# [RECORDS TO PROCESS]
------------------------------------------------------------------------

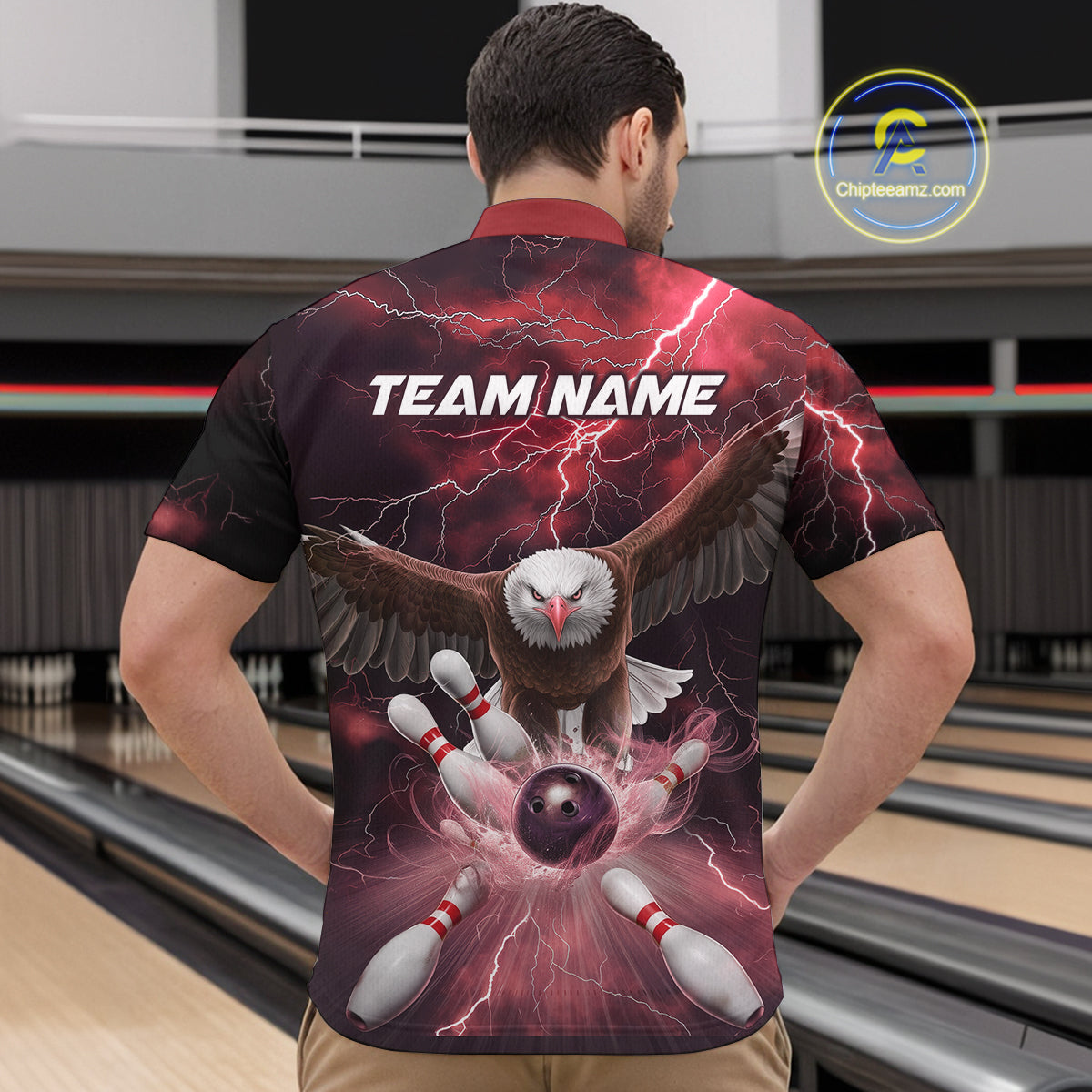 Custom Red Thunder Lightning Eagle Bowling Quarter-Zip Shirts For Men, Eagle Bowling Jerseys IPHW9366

------------------------------------------------------------------------

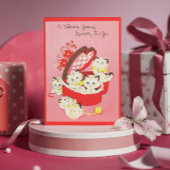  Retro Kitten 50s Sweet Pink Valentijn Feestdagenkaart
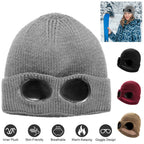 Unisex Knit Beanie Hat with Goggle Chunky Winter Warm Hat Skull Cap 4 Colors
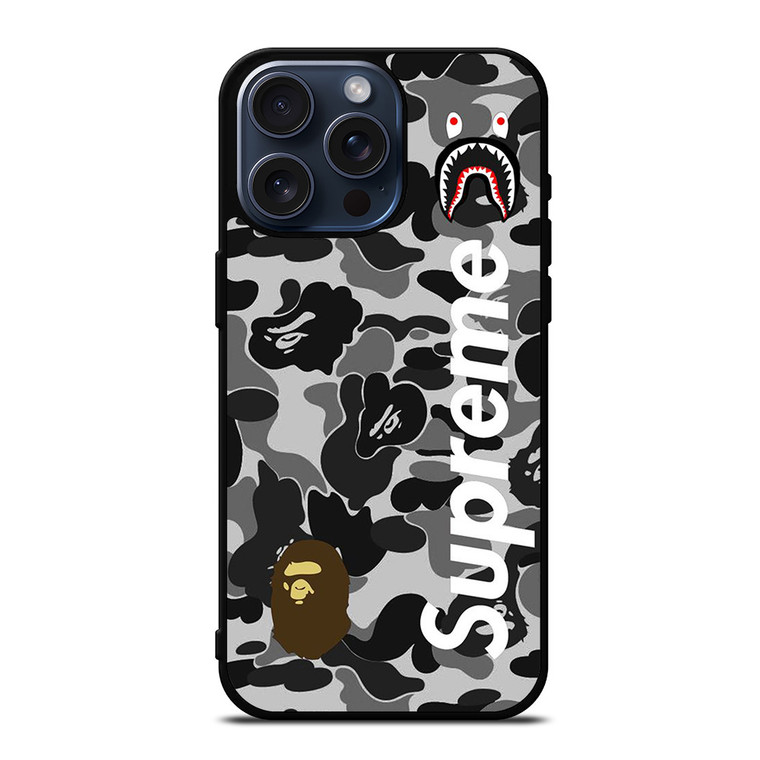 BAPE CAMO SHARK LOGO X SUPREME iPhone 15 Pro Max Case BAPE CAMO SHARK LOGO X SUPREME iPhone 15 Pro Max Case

------------------------------------------------------------------------

# [WHAT THE TASK ASKS]
Although the records hold pictures, the copy must not; give again exactly the lines from the one with "Unisex Knit Beanie" through the one with "Max Case BAPE".

# [THE COMPLETED TASK]
 Unisex Knit Beanie Hat with Goggle Chunky Winter Warm Hat Skull Cap 4 Colors
 BAPE CAMO SHARK LOGO X SUPREME iPhone 15 Pro Max Case BAPE CAMO SHARK LOGO X SUPREME iPhone 15 Pro Max Case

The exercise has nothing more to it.